START Material for this exercise

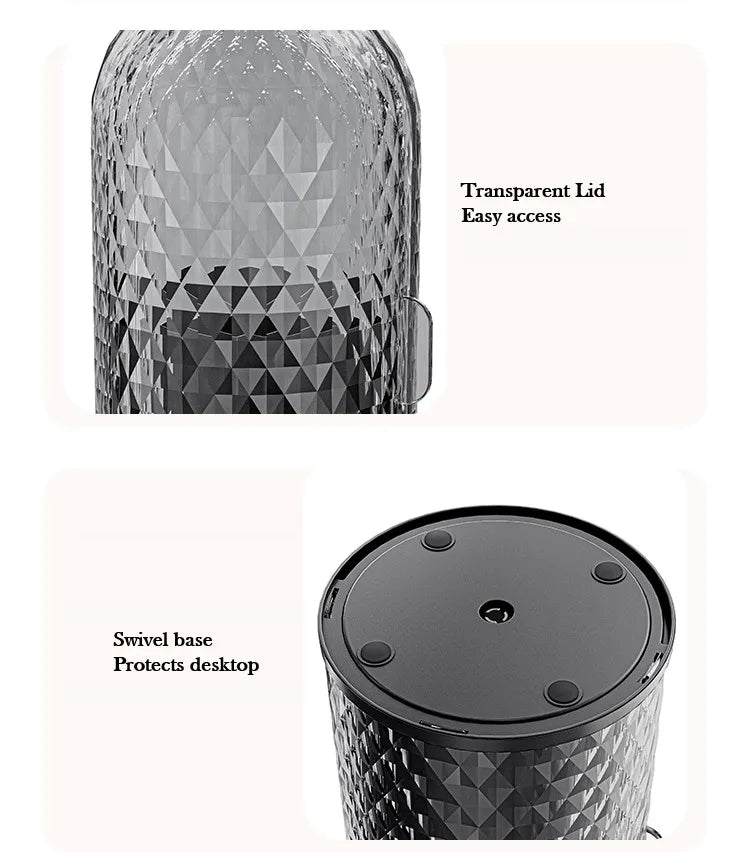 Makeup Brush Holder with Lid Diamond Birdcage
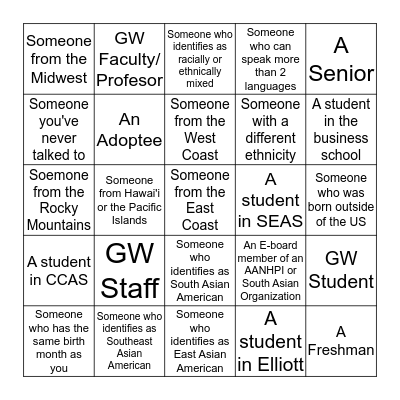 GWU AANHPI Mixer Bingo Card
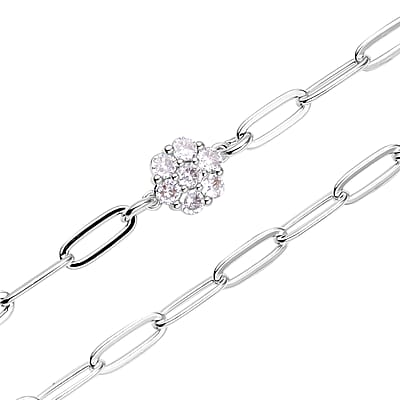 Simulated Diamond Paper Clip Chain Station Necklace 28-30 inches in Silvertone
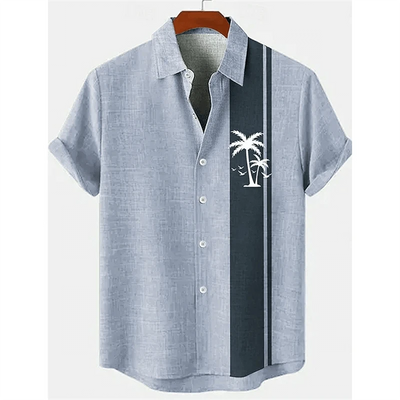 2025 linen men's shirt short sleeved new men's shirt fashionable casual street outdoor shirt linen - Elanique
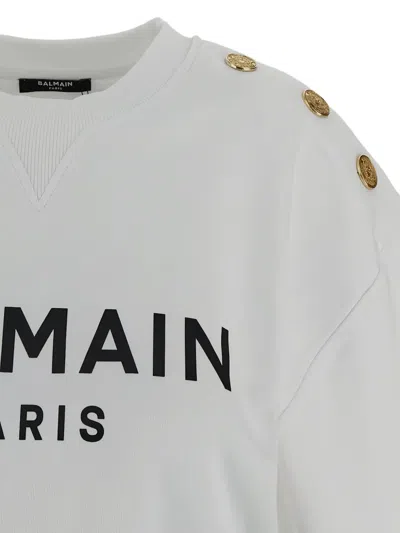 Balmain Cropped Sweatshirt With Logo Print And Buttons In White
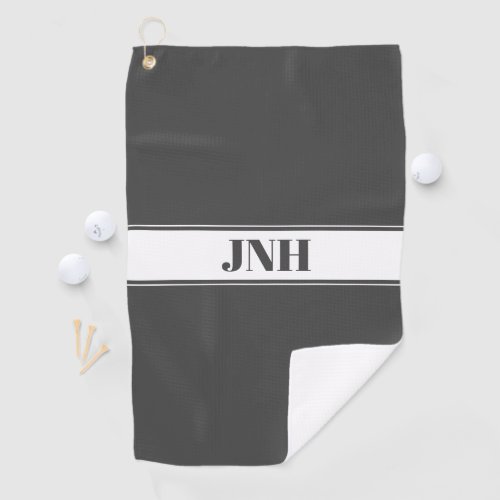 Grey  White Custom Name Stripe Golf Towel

END Material for this exercise
START Material for this exercise

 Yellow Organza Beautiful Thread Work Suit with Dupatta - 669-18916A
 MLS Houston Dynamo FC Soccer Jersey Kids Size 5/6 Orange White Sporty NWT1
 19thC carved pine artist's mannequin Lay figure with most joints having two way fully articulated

END Material for this exercise
START Material for this exercise

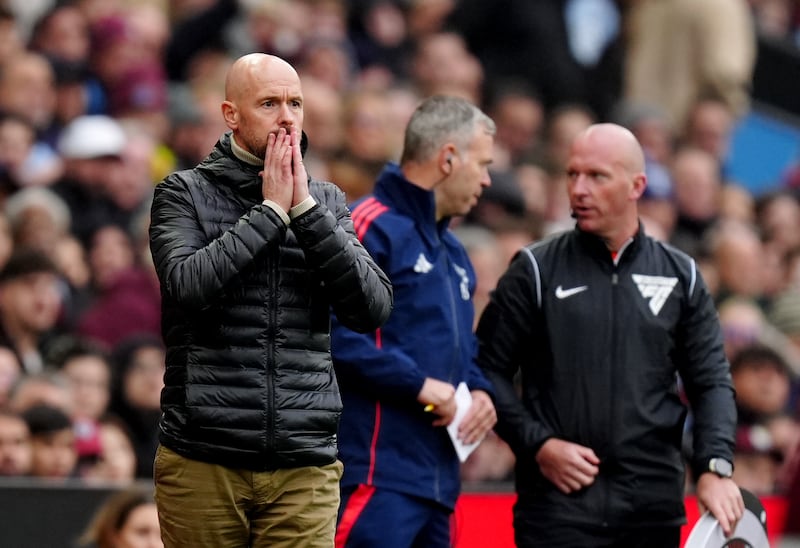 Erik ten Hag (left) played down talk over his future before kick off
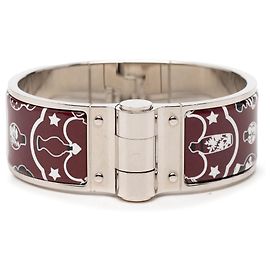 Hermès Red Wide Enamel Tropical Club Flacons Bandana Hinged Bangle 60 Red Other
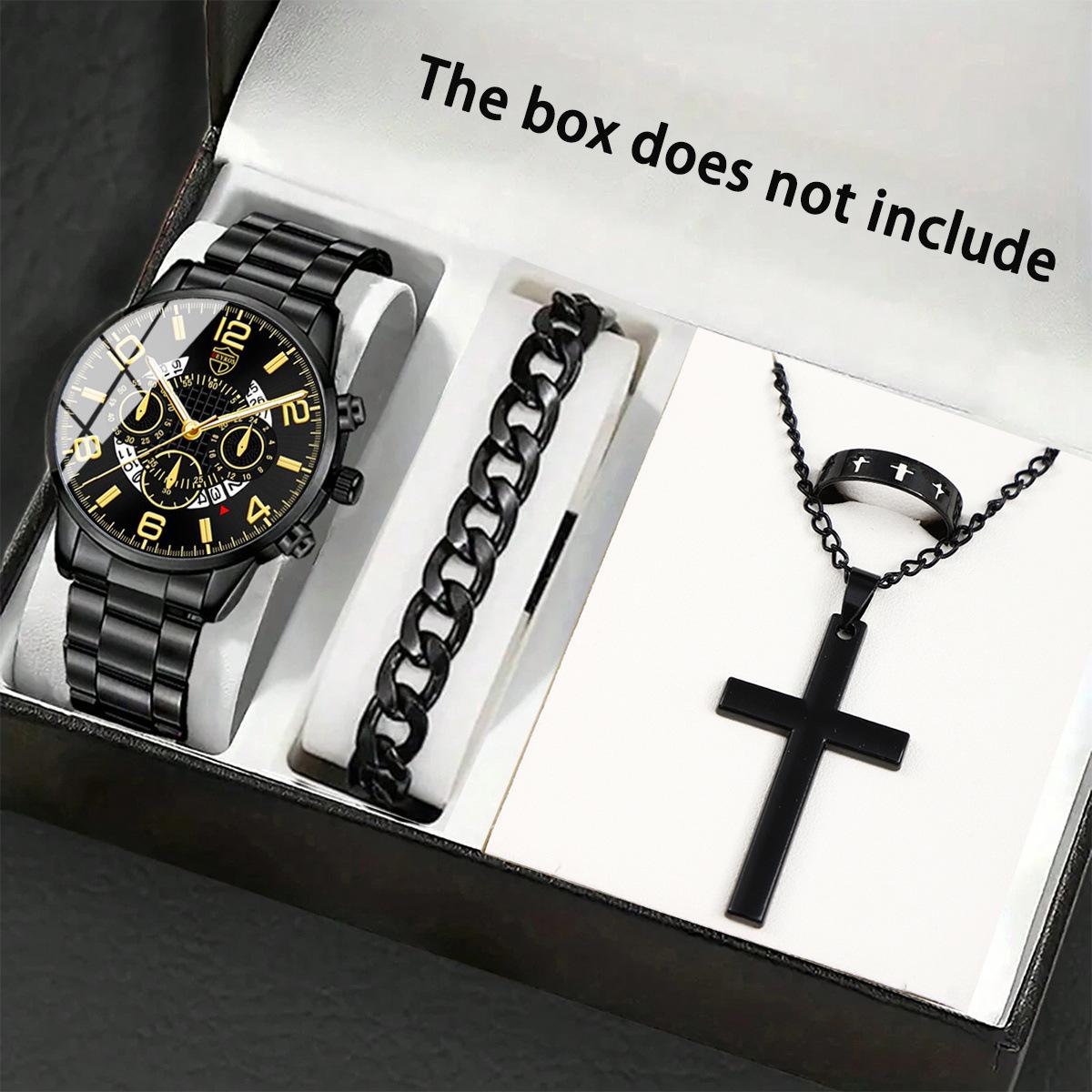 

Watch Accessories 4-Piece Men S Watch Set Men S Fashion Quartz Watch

END Material for this exercise

*Description of the task*: Above are some entries; copy exactly the lines from the line with "Balmain Cropped Sweatshirt" through the line with "Stripe Golf Towel", both included, but none of the pictures.

*Task result*:
 Balmain Cropped Sweatshirt With Logo Print And Buttons In White
 Grey  White Custom Name Stripe Golf Towel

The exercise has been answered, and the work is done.